§ TASK GOAL:
Only the lines below from the one containing "Those zeros are" through the last line should be set down, exactly as written and with no pictures.

* * *

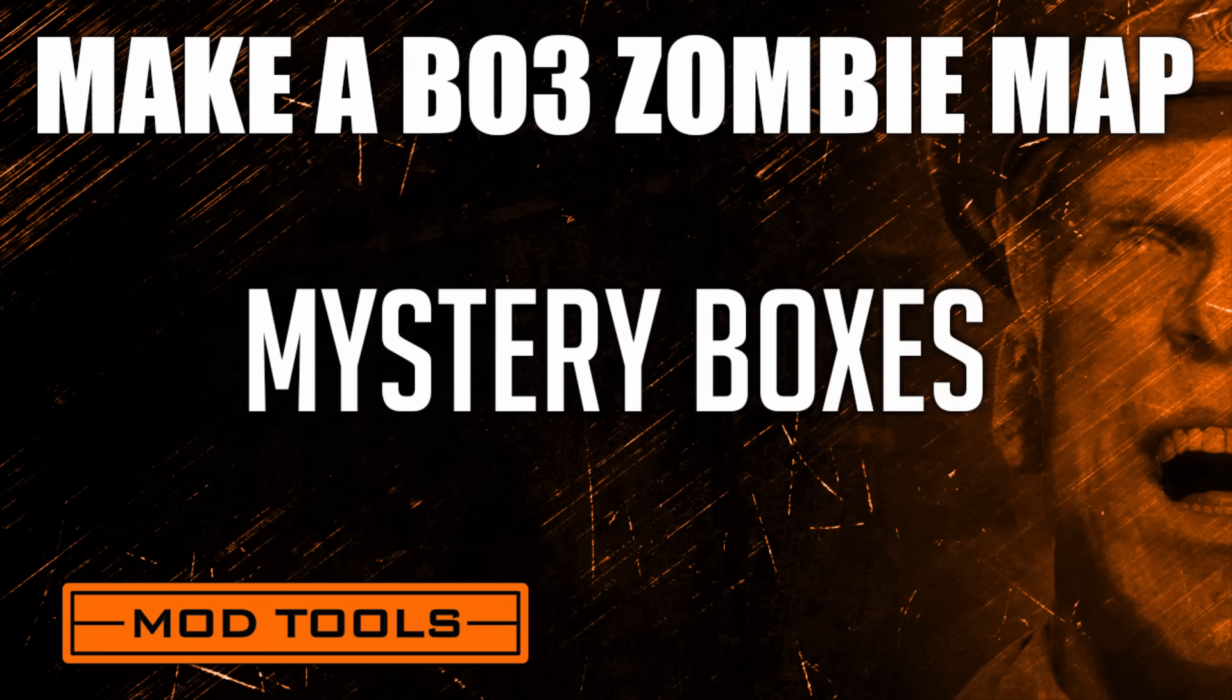Hello, my name is Corey from Viamods.com, and in this video I'll be teaching you how to add the mystery boxes. So, let's get started.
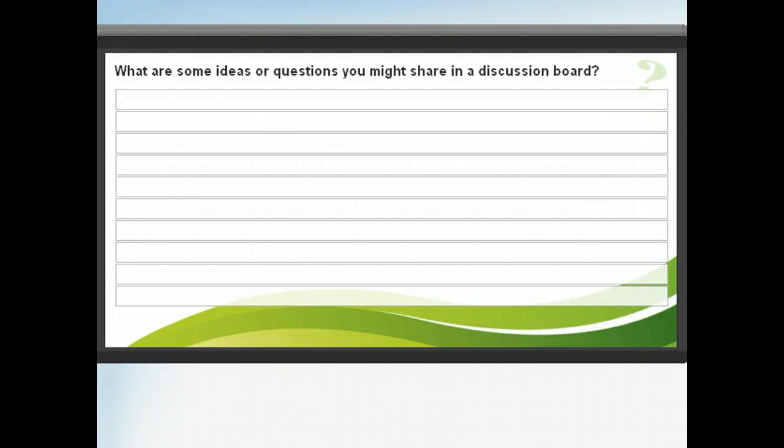Now think about how you could use a discussion board to communicate with other educators or students. In the space provided, list some examples of topics or questions you might have. When you're ready, click next to move on.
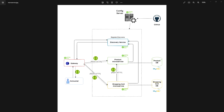Hi all. In this video, let's talk about gateway. We are going to implement gateway using Spring Cloud Gateway. Before that, let's understand in what scenarios we need a gateway.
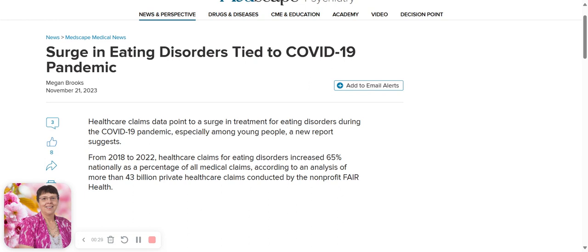That doesn't surprise me because when you're sitting isolated at home, being in fear, anxiety and stress changes your gut microbiome, changes your brain, increases anxiety and depression.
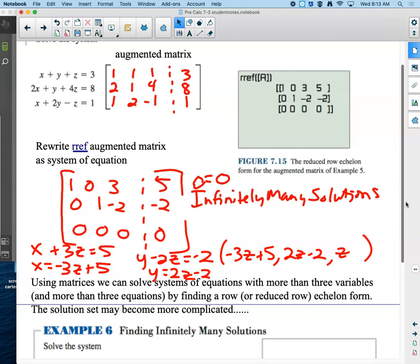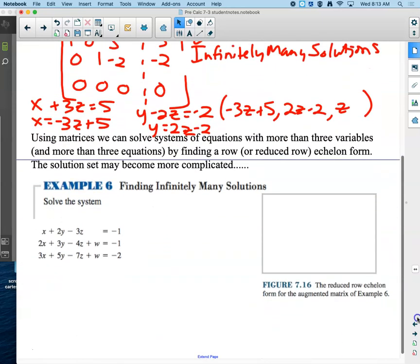Those zeros are supposed to be a great big hint that something is going on where 0 equals 0. Using matrices, we can solve systems of equations with more than three variables and more than three equations by finding reduced row echelon form. The solution set may become more complicated, which gives us a big hint that we're finding infinitely many solutions for at least one variable. If that's the case, we're going to have to go back to writing formulas like we just did.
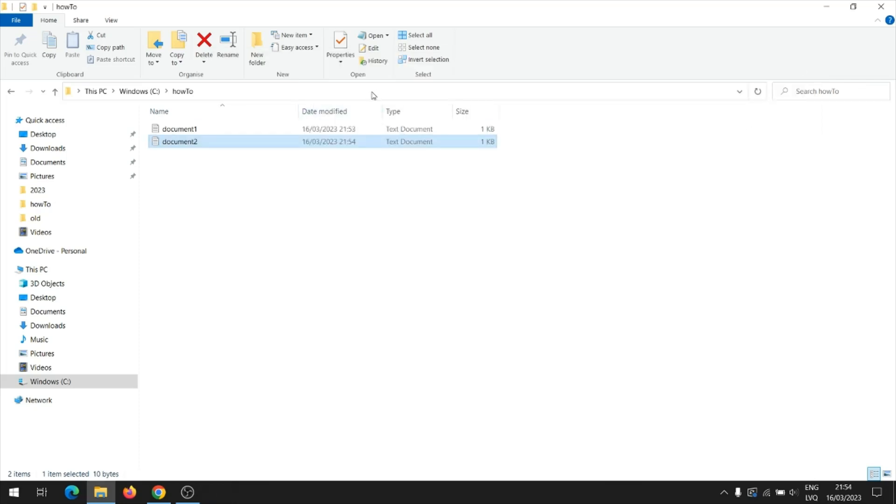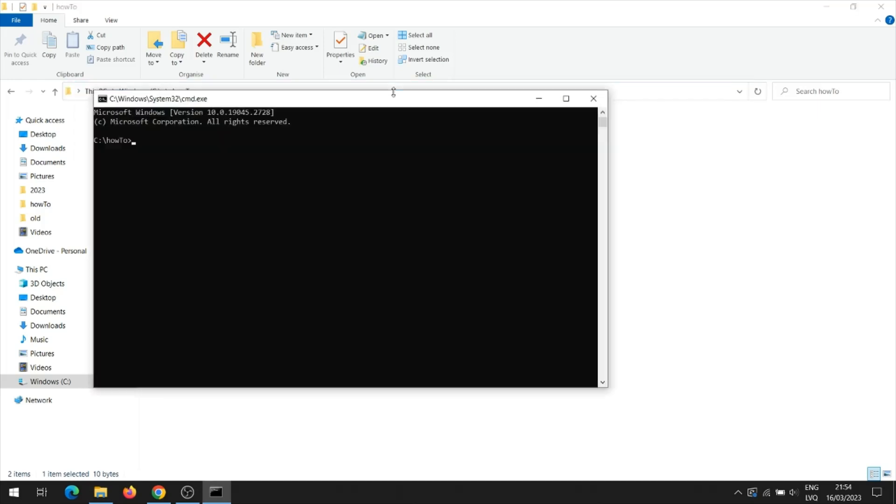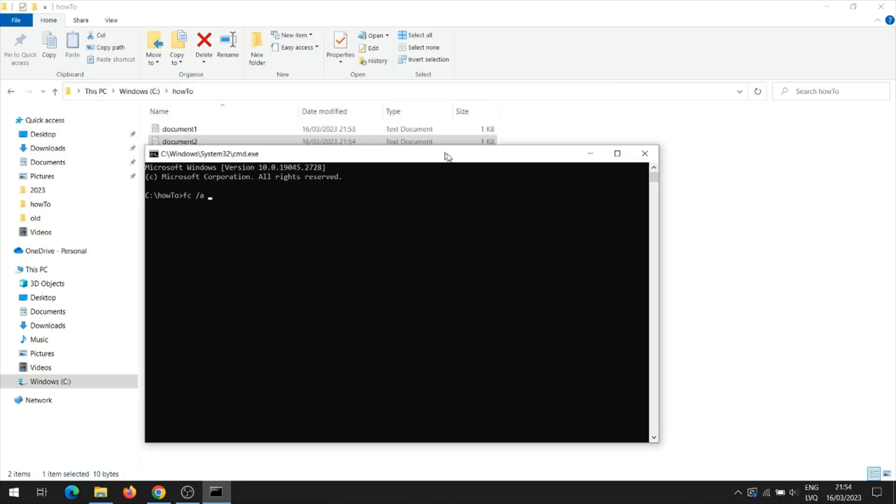Next, you need to open a command prompt window. Next, in the command prompt window, write the command to compare two text documents.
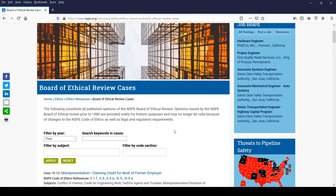As noted, engineering ethics and professional accountability are key pillars in NSPE's vision, mission, and values. The NSPE Board of Ethical Review will continue to be a critical tool in heightening the importance of engineering ethics. Thank you.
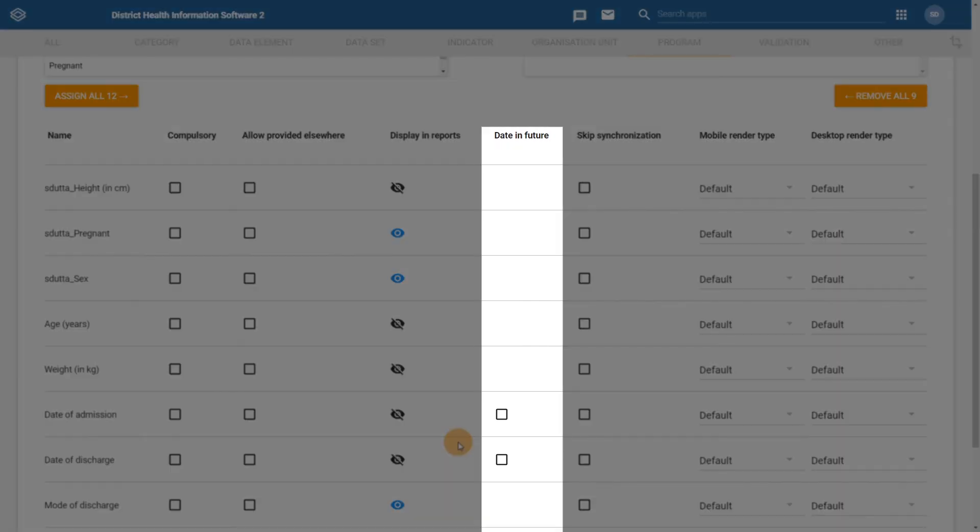Date in Future is available only on date data element types, such as date of admission and date of discharge. If this is selected, it will allow the user to select a date in the future for the particular data element. In our example, we will not be allowing any dates in the future to be entered.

* * *

§ PROBLEM SOLUTION:
Those zeros are supposed to be a great big hint that something is going on where 0 equals 0. Using matrices, we can solve systems of equations with more than three variables and more than three equations by finding reduced row echelon form. The solution set may become more complicated, which gives us a big hint that we're finding infinitely many solutions for at least one variable. If that's the case, we're going to have to go back to writing formulas like we just did.
Next, you need to open a command prompt window. Next, in the command prompt window, write the command to compare two text documents.
As noted, engineering ethics and professional accountability are key pillars in NSPE's vision, mission, and values. The NSPE Board of Ethical Review will continue to be a critical tool in heightening the importance of engineering ethics. Thank you.
Date in Future is available only on date data element types, such as date of admission and date of discharge. If this is selected, it will allow the user to select a date in the future for the particular data element. In our example, we will not be allowing any dates in the future to be entered.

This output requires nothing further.